The telco core cluster use model is designed for clusters running on commodity hardware. Telco core clusters support large scale telco applications including control plane functions like signaling, aggregation, session border controller (SBC), and centralized data plane functions such as 5G user plane functions (UPF). Telco core cluster functions require scalability, complex networking support, resilient software-defined storage, and support performance requirements that are less stringent and constrained than far-edge RAN deployments.

Networking requirements for telco core functions vary widely across a range of networking features and performance points. IPv6 is a requirement and dual-stack is common. Some functions need maximum throughput and transaction rate and require support for user-plane DPDK networking. Other functions use typical cloud-native patterns and can rely on OVN-Kubernetes, kernel networking, and load balancing.

Telco core clusters are configured as standard with three control plane and one or more worker nodes configured with the stock (non-RT) kernel. In support of workloads with varying networking and performance requirements, you can segment worker nodes by using MachineConfigPool custom resources (CR), for example, for non-user data plane or high-throughput use cases. In support of required telco operational features, core clusters have a standard set of Day 2 OLM-managed Operators installed.

Figure 3.1. Telco core RDS cluster service-based architecture and networking topology

3.3. Reference design scope
Copy link

The telco core, telco RAN and telco hub reference design specifications (RDS) capture the recommended, tested, and supported configurations to get reliable and repeatable performance for clusters running the telco core and telco RAN profiles.

Each RDS includes the released features and supported configurations that are engineered and validated for clusters to run the individual profiles. The configurations provide a baseline OpenShift Container Platform installation that meets feature and KPI targets. Each RDS also describes expected variations for each individual configuration. Validation of each RDS includes many long duration and at-scale tests.

Note

The validated reference configurations are updated for each major Y-stream release of OpenShift Container Platform. Z-stream patch releases are periodically re-tested against the reference configurations.

3.4. Deviations from the reference design
Copy link

Deviating from the validated telco core, telco RAN DU, and telco hub reference design specifications (RDS) can have significant impact beyond the specific component or feature that you change. Deviations require analysis and engineering in the context of the complete solution.

Important

All deviations from the RDS should be analyzed and documented with clear action tracking information. Due diligence is expected from partners to understand how to bring deviations into line with the reference design. This might require partners to provide additional resources to engage with Red Hat to work towards enabling their use case to achieve a best in class outcome with the platform. This is critical for the supportability of the solution and ensuring alignment across Red Hat and with partners.
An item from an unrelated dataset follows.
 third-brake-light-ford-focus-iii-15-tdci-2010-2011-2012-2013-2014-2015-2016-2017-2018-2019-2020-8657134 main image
Deviation from the RDS can have some or all of the following consequences:

It can take longer to resolve issues.
There is a risk of missing project service-level agreements (SLAs), project deadlines, end provider performance requirements, and so on.
Unapproved deviations may require escalation at executive levels.
Note
Red Hat prioritizes the servicing of requests for deviations based on partner engagement priorities.

3.5. Telco core common baseline model
Copy link

The following configurations and use models are applicable to all telco core use cases. The telco core use cases build on this common baseline of features.

Cluster topology

The telco core reference design supports two distinct cluster configuration variants:

A non-schedulable control plane variant, where user workloads are strictly prohibited from running on master nodes.
A schedulable control plane variant, which allows for user workloads to run on master nodes to optimize resource utilization. This variant is only applicable to bare-metal control plane nodes and must be configured at installation time.
All clusters, regardless of the variant, must conform to the following requirements:
A highly available control plane consisting of three or more nodes.
The use of multiple machine config pools.

Storage

Telco core use cases require highly available persistent storage as provided by an external storage solution. OpenShift Data Foundation might be used to manage access to the external storage.

Networking

Telco core cluster networking conforms to the following requirements:

Dual stack IPv4/IPv6 (IPv4 primary).
Fully disconnected - clusters do not have access to public networking at any point in their lifecycle.
Supports multiple networks. Segmented networking provides isolation between operations, administration and maintenance (OAM), signaling, and storage traffic.
Cluster network type is OVN-Kubernetes as required for IPv6 support.
Telco core clusters have multiple layers of networking supported by underlying RHCOS, SR-IOV Network Operator, Load Balancer and other components. These layers include the following:
- Cluster networking layer. The cluster network configuration is defined and applied through the installation configuration. Update the configuration during Day 2 operations with the NMState Operator. Use the initial configuration to establish the following:
  - Host interface configuration.
  - Active/active bonding (LACP).
- Secondary/additional network layer. Configure the OpenShift Container Platform CNI through network additionalNetwork or NetworkAttachmentDefinition CRs. Use the initial configuration to configure MACVLAN virtual network interfaces.
- Application workload layer. User plane networking runs in cloud-native network functions (CNFs).

Service Mesh

Telco CNFs can use Service Mesh. Telco core clusters typically include a Service Mesh implementation. The choice of implementation and configuration is outside the scope of this specification.

3.6. Deployment planning
Copy link

MachineConfigPools (MCPs) custom resource (CR) enable the subdivision of worker nodes in telco core clusters into different node groups based on customer planning parameters. Careful deployment planning using MCPs is crucial to minimize deployment and upgrade time and, more importantly, to minimize interruption of telco-grade services during cluster upgrades.

Description

Telco core clusters can use MachineConfigPools (MCPs) to split worker nodes into additional separate roles, for example, due to different hardware profiles. This allows custom tuning for each role and also plays a critical function in speeding up a telco core cluster deployment or upgrade. Multiple MCPs can be used to properly plan cluster upgrades across one or multiple maintenance windows. This is crucial because telco-grade services might otherwise be affected if careful planning is not considered.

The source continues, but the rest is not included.